▶ Problem description
The copy should begin at the line containing "Polyester Material 30" and end with the last line below, every line exact and no picture included.

Pictures with short captions

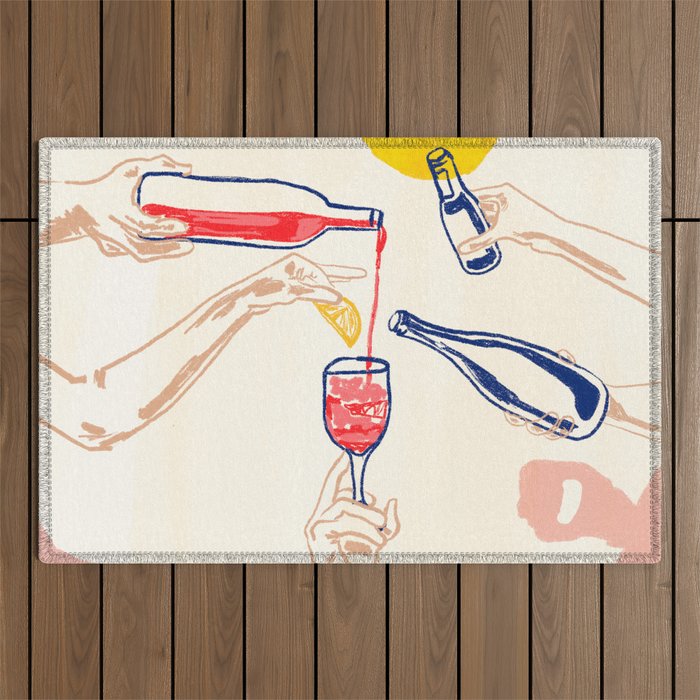 Sunset Cheers Outdoor Rug Gallery Image 1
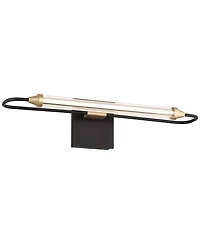 Possini Euro Design Nikola Industrial Led Wall Light Bar, Hardwired, 23 1/2"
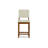 Upholstered Counter Stool with Solid Wood Frame-52517047-52517034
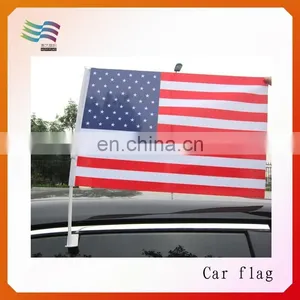 Polyester Material 30 x 45 cm With 45 cm Plastic Pole Car Window Flag thumbnail-1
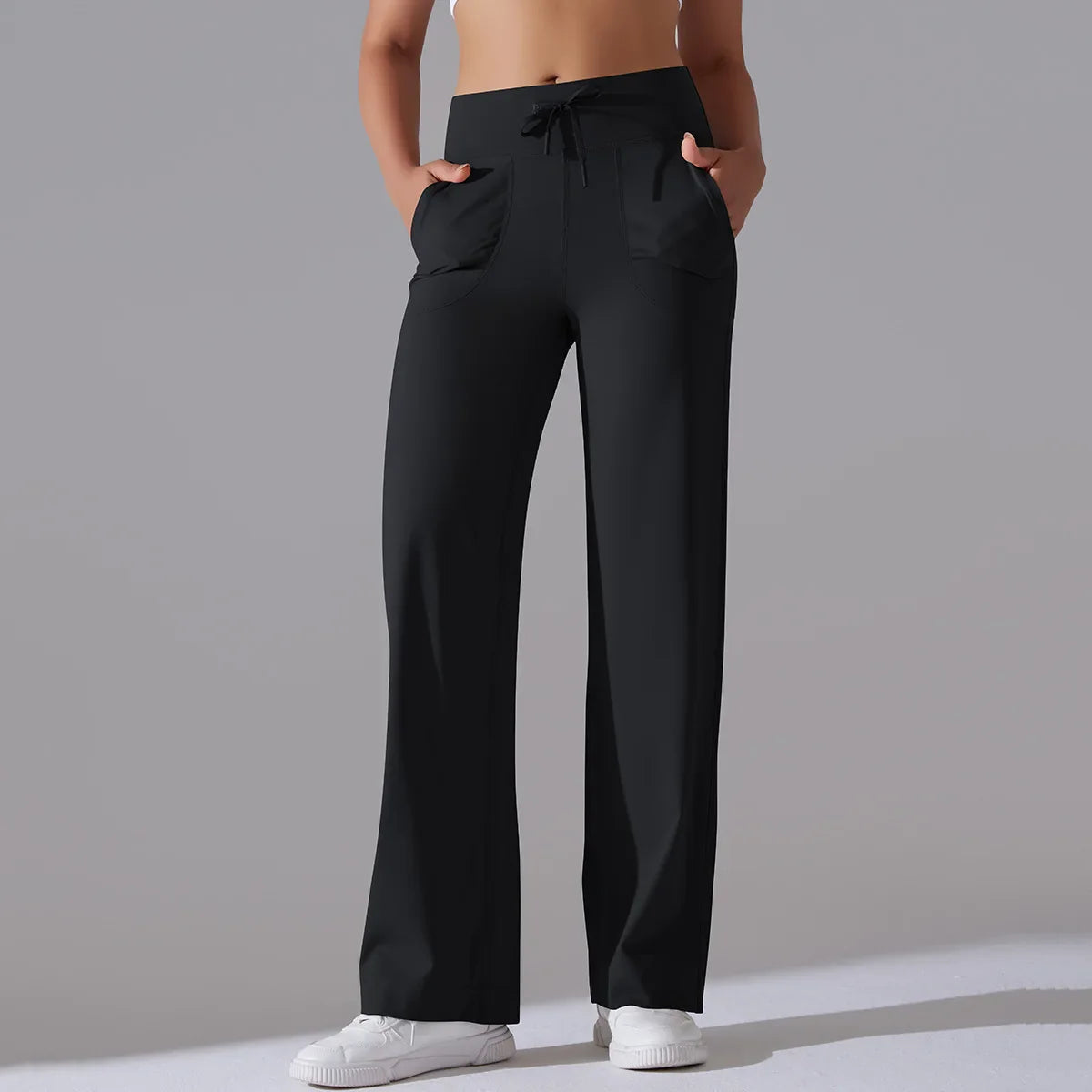 New Yoga Straight Leg Sweatpants Straight Leg Women's Loose Tracksuit Pants Wide Leg Outdoor Gym Running Casual Tracksuit Pants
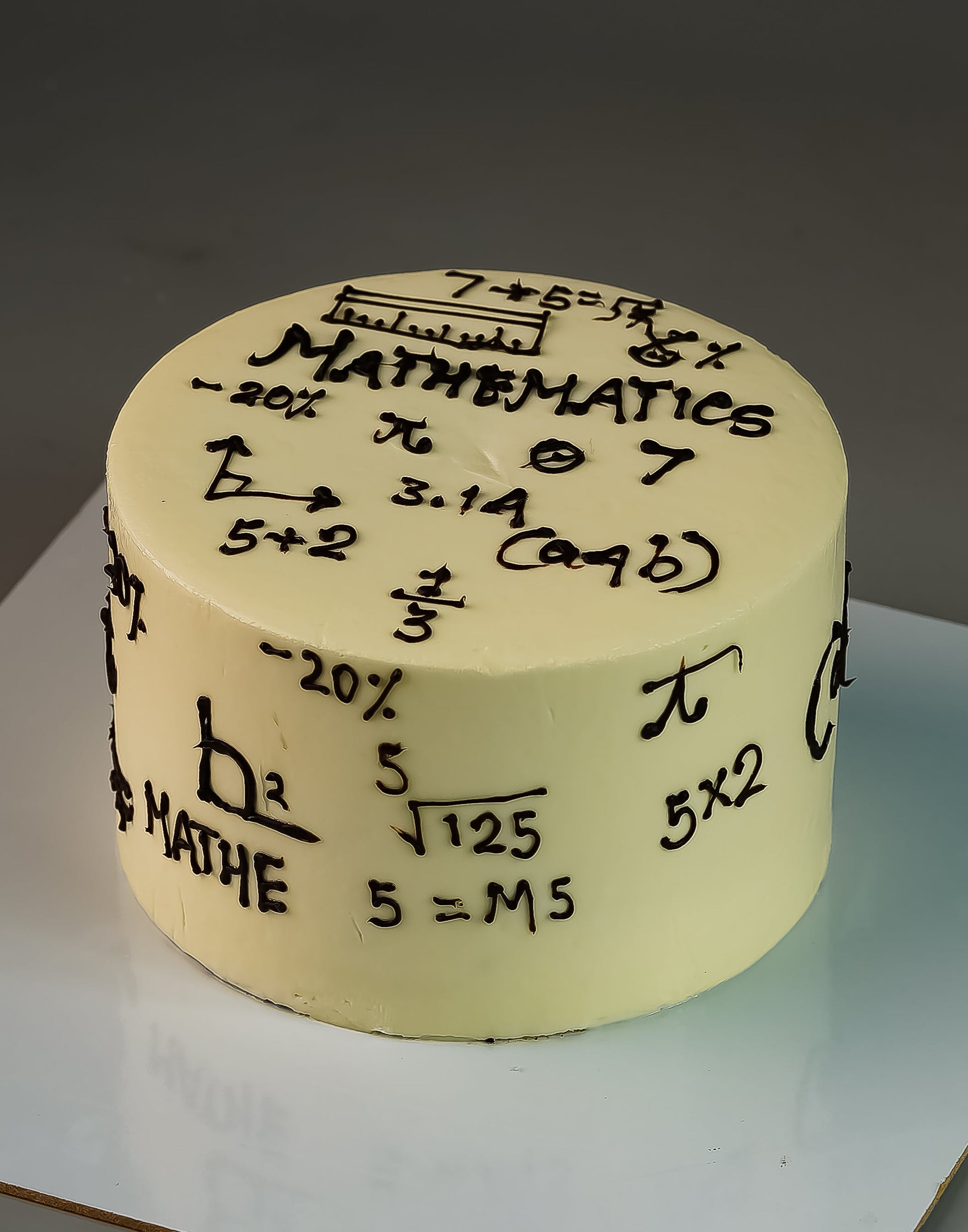 Mathematics Theme Birthday Cake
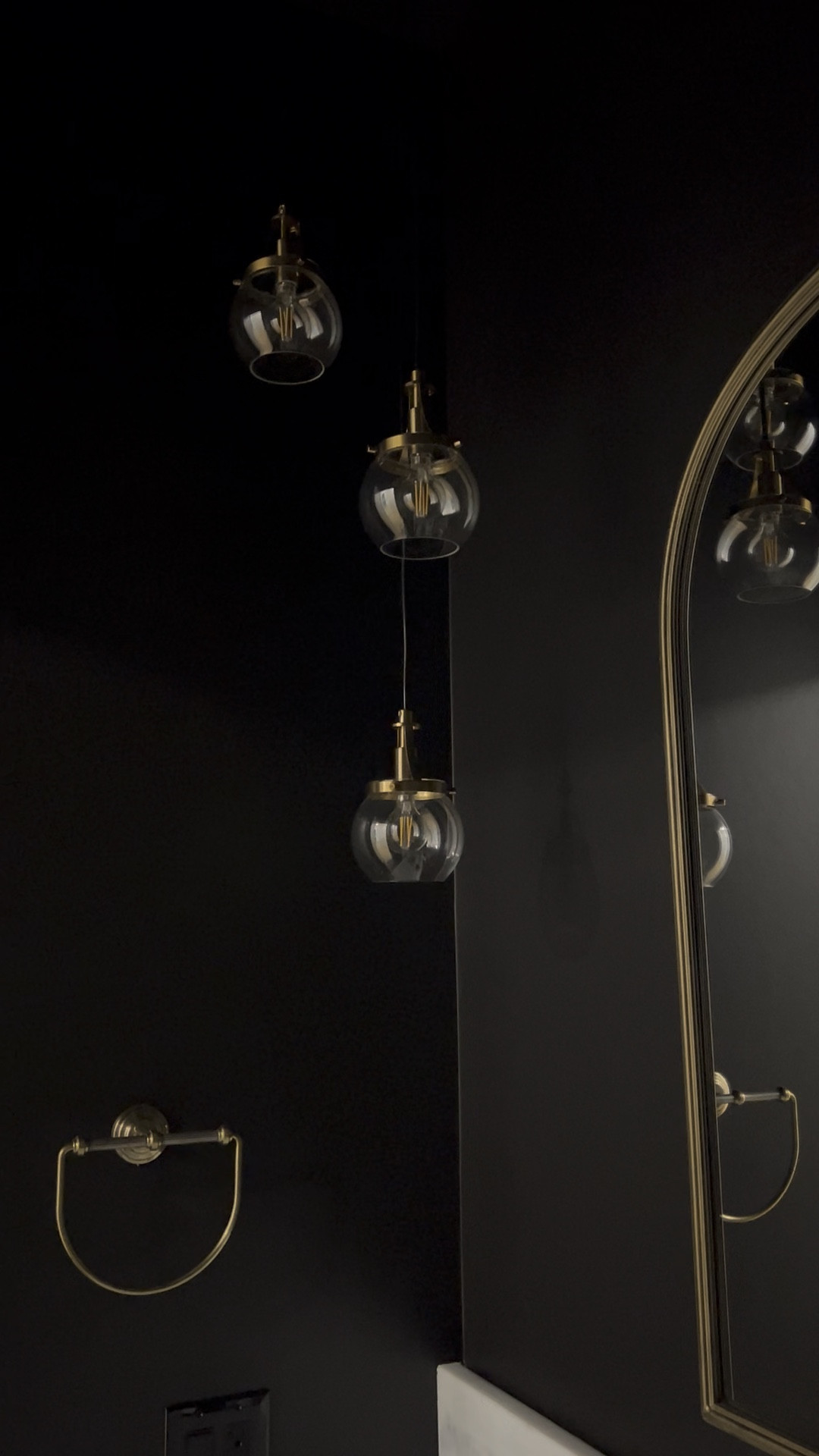 Dark and moody 🖤

Bathroom lighting | bathroom mirror | wall faucet | marble vanity 

#LTKHome #LTKStyleTip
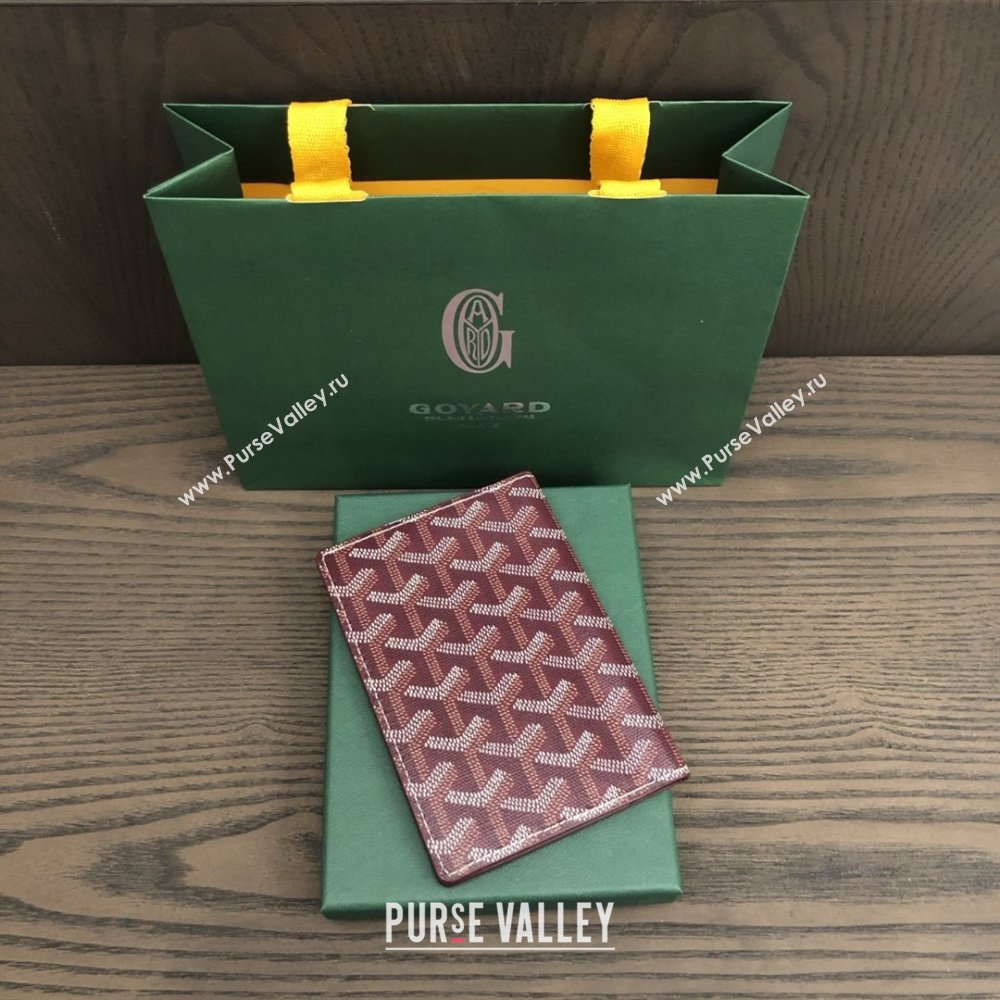 Goyard Grenelle Passport Cover G8502 Burgundy 2025 (ZH-25111750)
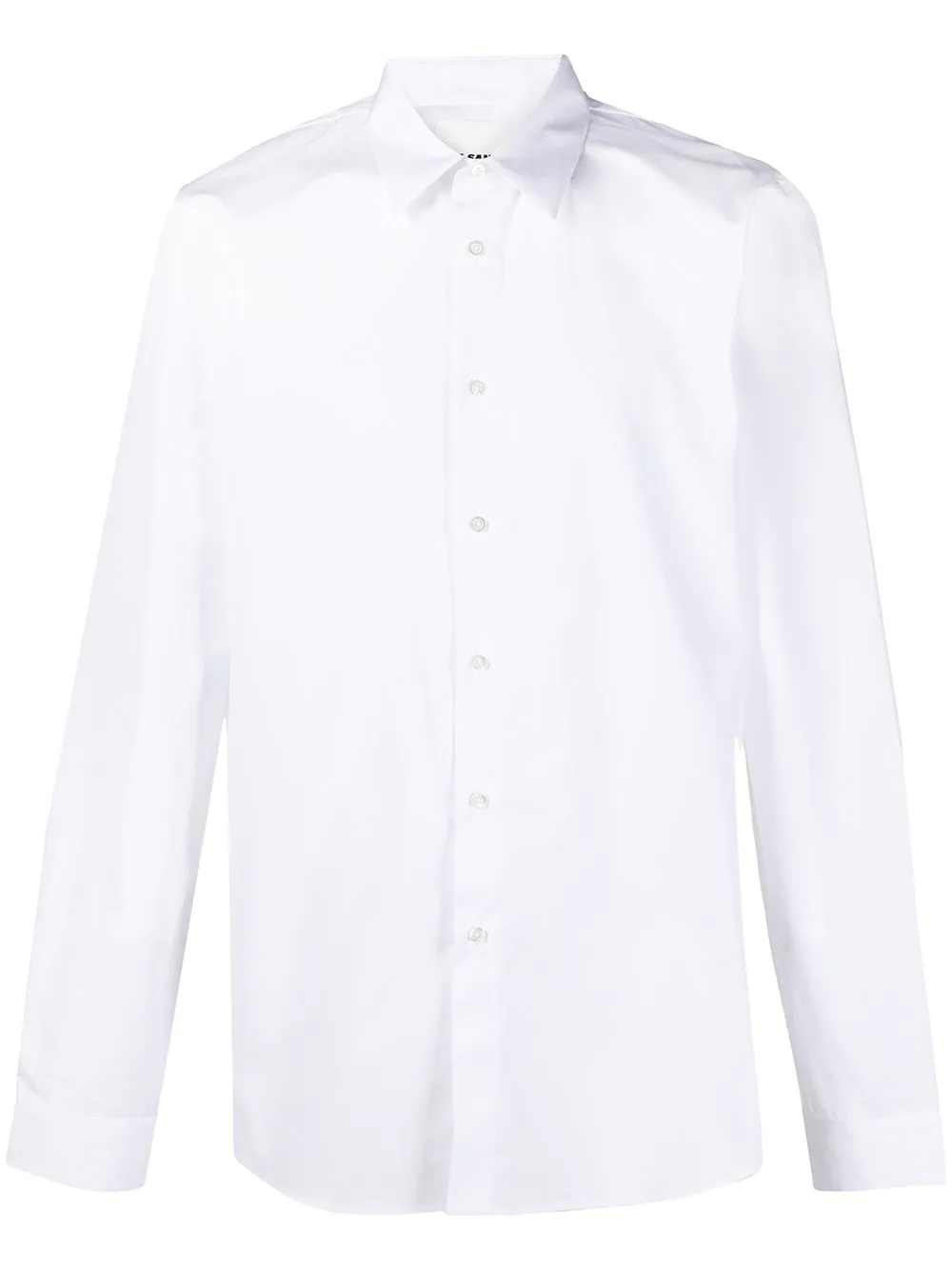 classic collar buttoned shirt - 1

▶ Completed task
 Polyester Material 30 x 45 cm With 45 cm Plastic Pole Car Window Flag thumbnail-1
 New Yoga Straight Leg Sweatpants Straight Leg Women's Loose Tracksuit Pants Wide Leg Outdoor Gym Running Casual Tracksuit Pants
 Mathematics Theme Birthday Cake
 Dark and moody 🖤

Bathroom lighting | bathroom mirror | wall faucet | marble vanity 

#LTKHome #LTKStyleTip
 Goyard Grenelle Passport Cover G8502 Burgundy 2025 (ZH-25111750)
 classic collar buttoned shirt - 1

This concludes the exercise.